El sentido del verano
En Cantabria se han depuesto las armas de la industrialización y la empresa
Pasan los años y en Cantabria se agrava la dolencia balear. No se trata únicamente de la vergüenza de la playa de El Puntal, reconvertida ... en establo para botellones y cementerio de desperdicios, sino de la implementación de una política consciente, destinada a dar la batalla de lo vulgar. Porque el turismo patrio, hoy, no cabe duda, es alcohol, ruido y horteras. Por supuesto, las autoridades santanderinas fingen alcanzar un equilibrio inviable entre la «ciudad cultural» y los eventos casposos que se programan, repartidos por sus calles, aunque mayoritariamente celebrados en el centro (plaza del Ayuntamiento, Porticada y Alfonso XIII). No hay arreglo posible. Convencidos todos de la inevitabilidad hostelera de Cantabria, se han depuesto las armas de la industrialización y la empresa. Bebamos y demos de beber. Bailemos, que nuestra juventud se marche a trabajar fuera y que limpien otros.
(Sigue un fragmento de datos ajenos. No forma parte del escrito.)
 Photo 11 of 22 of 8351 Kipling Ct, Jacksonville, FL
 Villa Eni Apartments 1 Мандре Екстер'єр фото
A ver, Sánchez, frene un poco. Es usted demasiado joven para asumir este relato clasista del Santander perdido; de la corte y la burguesía con ínfulas reales; de los comercios exclusivos que desprecian al cliente. Es cierto, debo tener cuidado. Al fin y al cabo, pocos quieren volver a los días de Mafor y de las estaciones húmedas y solitarias. Ahora, hay individuos que se animan y abren boutiques de café, tiendas de repostería japonesa o fusiones peruanas. Pero, ¡ay!, Santander se reduce a unas pocas calles, destino de las multitudes y de las grandes marcas, las únicas, estas, que pueden soportar los altísimos alquileres y que reproducen milimétricamente su disposición en otras capitales del país.
El resto de la ciudad, incluso otras zonas muy cercanas, también en el centro, pero acaso con demasiadas cuestas o sin tanta luz –o sin espacio para mercados o atracciones–, languidece en el olvido comercial. Con los carteles de 'se alquila' o 'se vende', la suciedad y la ruina esto parece Detroit. A nadie le importa si, en compensación, pueden estallar los petardos más escandalosos o si el personal malcome en las casetas.
¿Para qué sirve el verano? El escaparate cántabro demuestra que, desde luego, no para reposar tras el esfuerzo de todo el año, para reencontrarse con el placer sin horarios, para disfrutar de las compañías elegidas. Para leer o escuchar música. Y dormir sin la promesa del madrugón. ¿Se imaginan? Nadie quiere esta revolución. Para que no decaiga, el poder activa una energía etílica y festivalera acumulada en la proliferación de peñas, botellines y vasos de plástico que, al amanecer, quedan vacíos sobre aceras y bancos (los cristales repartidos para hacer peligrar la integridad de los transeúntes). En fin, ni ropa blanca ni jilgueros en el balcón.